When Tiffany Myers was told she would need to deliver her baby via cesarean section at just 30 weeks pregnant, she was shocked. “I had just gotten off the phone with my family telling them I was alright and that I wasn’t delivering the baby yet,” shares Tiffany. “So I had to call my family back and tell them to start heading to the hospital in Tulsa because the doctor needed to deliver my baby within the hour.”
Earlier that same day, Tiffany and her husband had driven to Wagoner from their hometown in Cushing for vacation. “We go to the lake every year with our family and decided to go down a little early before everyone else arrived,” Tiffany shares. “While we were there, I started having a rough time. I became really emotional and my feet swelled up and I was just ready to go home, which was strange because I had a great pregnancy up until this point.”
After Tiffany and her husband returned from dinner, Tiffany’s stomach began hurting badly. “I drank some water and ate a little food to try and calm it down, but then my blood pressure started to go up, so we called my OB in Cushing and they said to drive to Tahlequah because there wasn’t an OB in Wagoner.”
Tiffany and her husband arrived in Tahlequah where Tiffany was told she had symptoms of preeclampsia and needed to be transferred to Tulsa. “They asked if I could handle a helicopter ride and I told them I couldn’t so they transferred me by ambulance to the Peggy. V. Helmerich Women’s Health Center at Hillcrest Medical Center.”
Once Tiffany arrived at the Women’s Center in Tulsa, she was immediately evaluated. “As soon as I hit the hospital door, there were doctors and nurses ready to care for me; they were so attentive,” says Tiffany. “Once I was in a room, they started an IV so that they could give me medications to lower my blood pressure. The doctor told me that they would need to complete my lab work and continue to monitor my condition, but that I would need to be on bed rest for 10 weeks. I was devastated and thought, ‘How am I going to survive 10 weeks laying here in bed?’”
Tiffany didn’t wonder for long before her doctor returned to her room and informed her she had HELLP syndrome (hemolysis elevated liver enzymes and low platelet count), which is one of the most severe forms of preeclampsia. “They told me it was getting worse and they needed to deliver the baby within the hour.”
Shortly thereafter, Emilyn was born at 3 pounds, 6.4 ounces on June 6. “She was born right before midnight and taken straight to the NICU (Neonatal Intensive Care Unit). I had to stay in the hospital for four days but they told me Emilyn might have to stay in the NICU for several more weeks, so I knew it was going to be a long process before I could take her home."
During Emilyn’s stay in the NICU, Tiffany recalls her daily visits and the attentive care of the NICU team. “The NICU staff was wonderful and treated us like family,” she shares. “They were always informative of how Emilyn was doing and I just felt like every nurse that came into contact with her was a blessing to her care and sent specifically to take care of my daughter.

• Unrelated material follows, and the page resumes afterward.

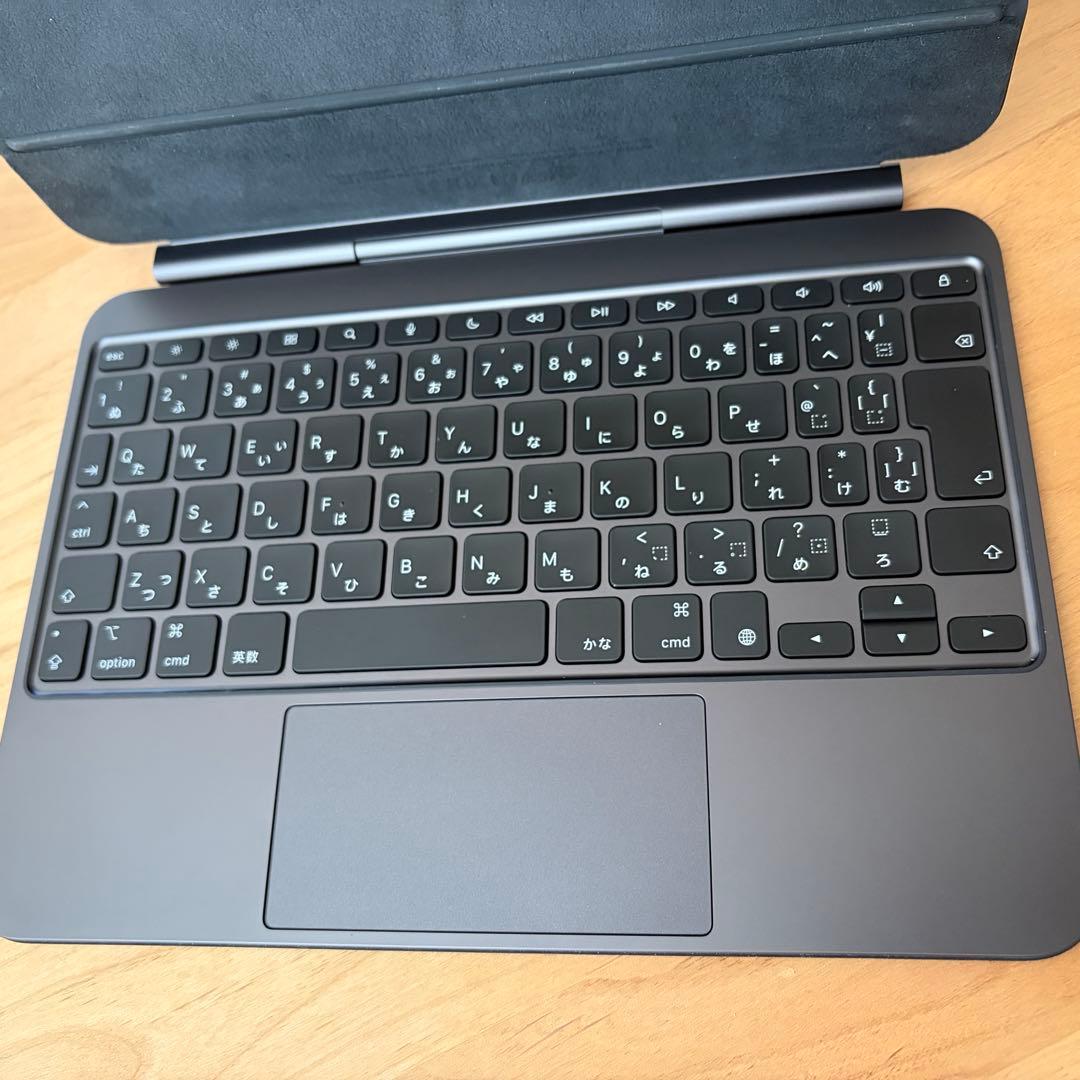 M4/M5 iPad Pro 11インチMagicKeyboard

I just praise the Women’s Health Center NICU; they are top-notch there and I can’t say enough good things about them.”
Tiffany also believes the care and attention helped Emilyn grow stronger. “The second she went to the NICU, I believe it was the love and attention she received from the nurses and her family that helped build her up. We could also tell she was determined to be out in this world and everything would happen on her timeline.”

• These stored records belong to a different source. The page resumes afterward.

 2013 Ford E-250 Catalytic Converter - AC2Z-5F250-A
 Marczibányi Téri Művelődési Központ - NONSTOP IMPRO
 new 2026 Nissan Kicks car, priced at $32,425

As the days went on, Tiffany was astonished by how well Emilyn progressed. “Every day was a step in the right direction. She didn’t have any developmental issues with her brain or lungs and she was able to maintain her body temperature well so they moved her to a regular bed within one week instead of three or four like we had prepared for.”

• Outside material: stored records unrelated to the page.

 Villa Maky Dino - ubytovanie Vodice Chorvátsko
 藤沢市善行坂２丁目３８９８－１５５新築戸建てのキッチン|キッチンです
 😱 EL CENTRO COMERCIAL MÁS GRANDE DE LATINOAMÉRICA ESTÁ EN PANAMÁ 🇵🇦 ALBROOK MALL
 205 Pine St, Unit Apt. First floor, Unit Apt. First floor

A few weeks later, Tiffany celebrated the Fourth of July with Emilyn in the NICU. “It was just me and her and we watched a video of some fireworks and then I went home,” she says. “The next morning I got a call from the hospital and they asked, ‘Are you ready to take your baby home?’ I was so surprised because her due date wasn’t until August but they told me she was ready to go. I took Emilyn home that very day on July 5, which was less than a month after she was born and one month before her due date!”
Once Tiffany returned to Cushing with Emilyn, she received her follow-up care from Dr. Randy Grellner, a Utica Park Clinic physician, and Courtney Elliot, APRN-CNP.
Fast-forward a few years and Tiffany shares how well Emilyn is doing today. “She is now four years old and is just a beautiful, active and smart young girl,” says Tiffany. “You would never know she was a premature baby. No one believes she was that early when I tell them. She marches to the beat of her own drum just like when she was born. She was ready to make her presence known in this world and she did just that.”